« J'attends la rencontre, ô âme de l'âme, dans le paradis suprême, si Dieu le veut » - Photo : Mahmoud Shalha
Par Tareq S. Hajjaj
L’armée israélienne a mené une double frappe contre l’hôpital Nasser à Gaza, tuant au moins 20 personnes, dont cinq journalistes travaillant pour Al Jazeera, Reuters et l’Associated Press.
L’armée israélienne a tué cinq journalistes lors d’une attaque contre l’hôpital Nasser à Khan Younis, dans le sud de Gaza, lundi, portant à 246 le nombre de journalistes tués depuis le début du génocide.
Lundi matin, à 10 h 05 heure locale, l’armée israélienne a ciblé à deux reprises la cage d’escalier du quatrième étage de l’hôpital Nasser à Khan Younis dans le cadre d’une « double frappe ». Les bombardements ont tué 20 personnes, dont cinq journalistes, un officier de la défense civile, un médecin et plusieurs patients qui étaient soignés à l’hôpital.
Le premier bombardement a tué le journaliste palestinien Hussam al-Masri, un photographe travaillant pour Reuters. Al-Masri diffusait en direct sur Reuters depuis l’hôpital Nasser lorsque la première attaque a eu lieu.
La vidéo en direct de Reuters depuis l’hôpital s’est soudainement interrompue au moment de la première frappe, comme le montrent les images de Reuters.
Après le bombardement, les premiers secours de la défense civile sont arrivés sur les lieux de l’attaque pour secourir les blessés et évacuer les corps. Plusieurs journalistes sont également arrivés pour couvrir l’événement. Mais peu après l’arrivée des premiers secours et des journalistes, vers 10 h 25, l’armée israélienne a bombardé le même endroit une deuxième fois.
Il est du devoir de tout journaliste d’être aux côtés de ses collègues massacrés en Palestine
Ce deuxième bombardement a tué quatre autres journalistes, dont Muhammad Salama, photographe pour Al Jazeera, Maryam Abu Dagga, contractuelle pour l’Associated Press (AP), Moaz Abu Taha, collaborateur de Reuters et de NBC, et Ahmad Abu Aziz, journaliste indépendant.

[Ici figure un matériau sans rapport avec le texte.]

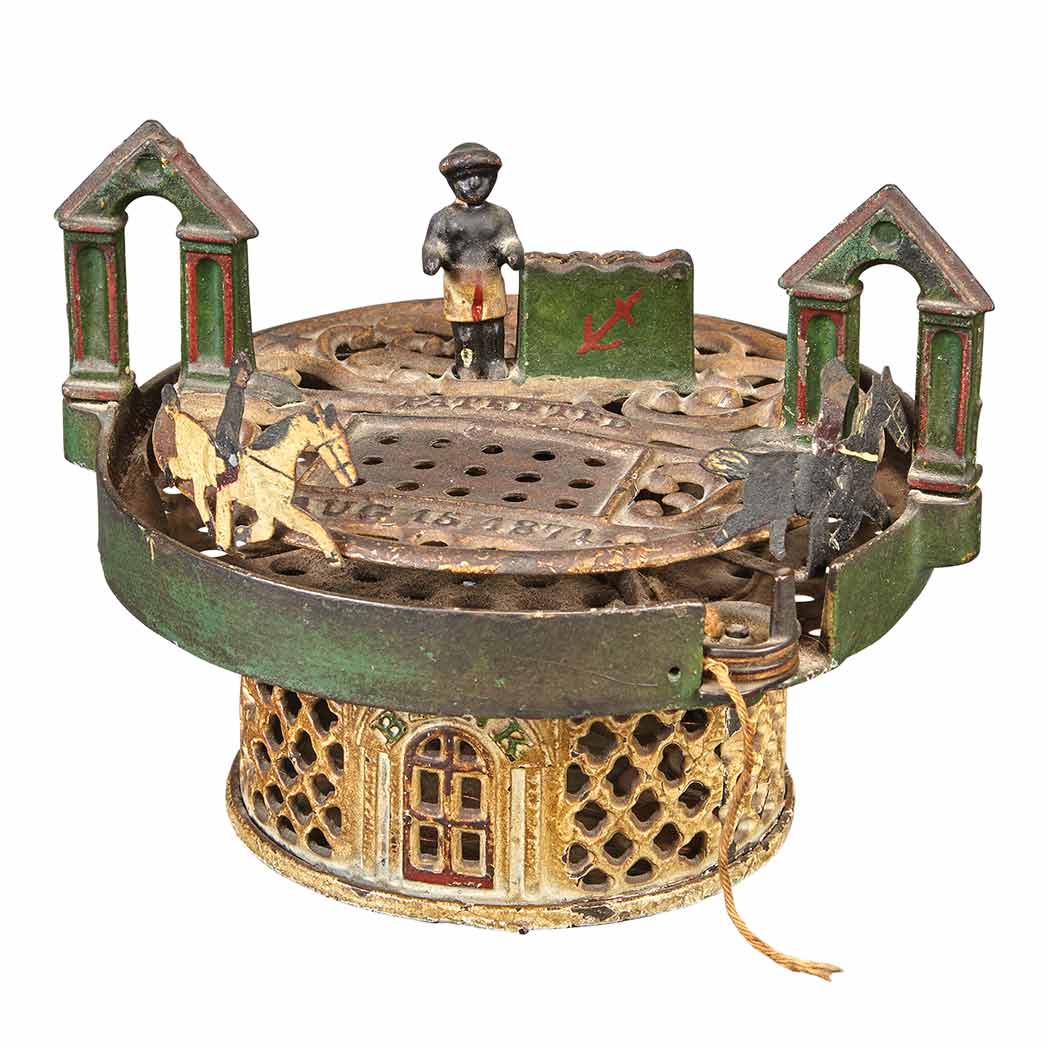 Lot image - Horse Race Metal Bank Straight Base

Muhammad Eslayeh, collaborateur de Mondoweiss qui se trouvait à l’hôpital Nasser au moment de l’attaque, a survécu avec des blessures superficielles et a décrit la scène comme « horrible ».

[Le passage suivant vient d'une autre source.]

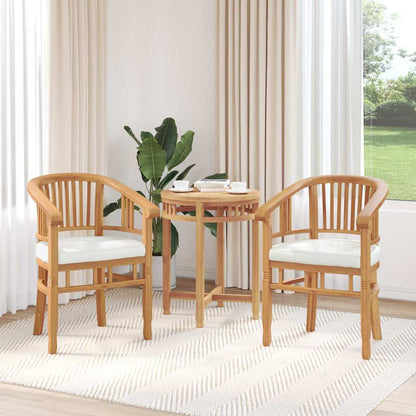 vidaXL Chair with Cushion 2 pcs Brown 63 x 58 x 89 cm Solid Teak Wood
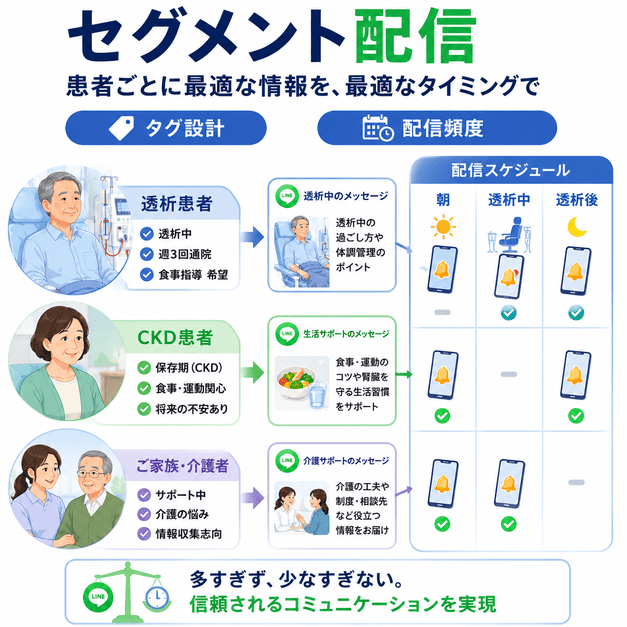 透析患者、CKD患者、家族介護者ごとにタグ設計と配信頻度を分け、最適なタイミングでLINE配信する様子を示したイラスト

« L’endroit où se trouve le quatrième étage [où l’attaque a eu lieu] est en hauteur, et les journalistes s’y rendent toujours pour documenter ce qui se passe au sol. Ils peuvent observer les bombardements à Khan Younis, les chars lorsqu’ils se déplacent vers n’importe quel endroit », a déclaré M. Eslayeh.
Il a ajouté que l’endroit qui a été pris pour cible était également utilisé par les journalistes pour essayer de capter le réseau cellulaire pendant les coupures d’Internet imposées par Israël dans la bande de Gaza, ce qui suggère en outre que l’armée israélienne savait probablement que les journalistes fréquentaient cette zone spécifique de l’hôpital.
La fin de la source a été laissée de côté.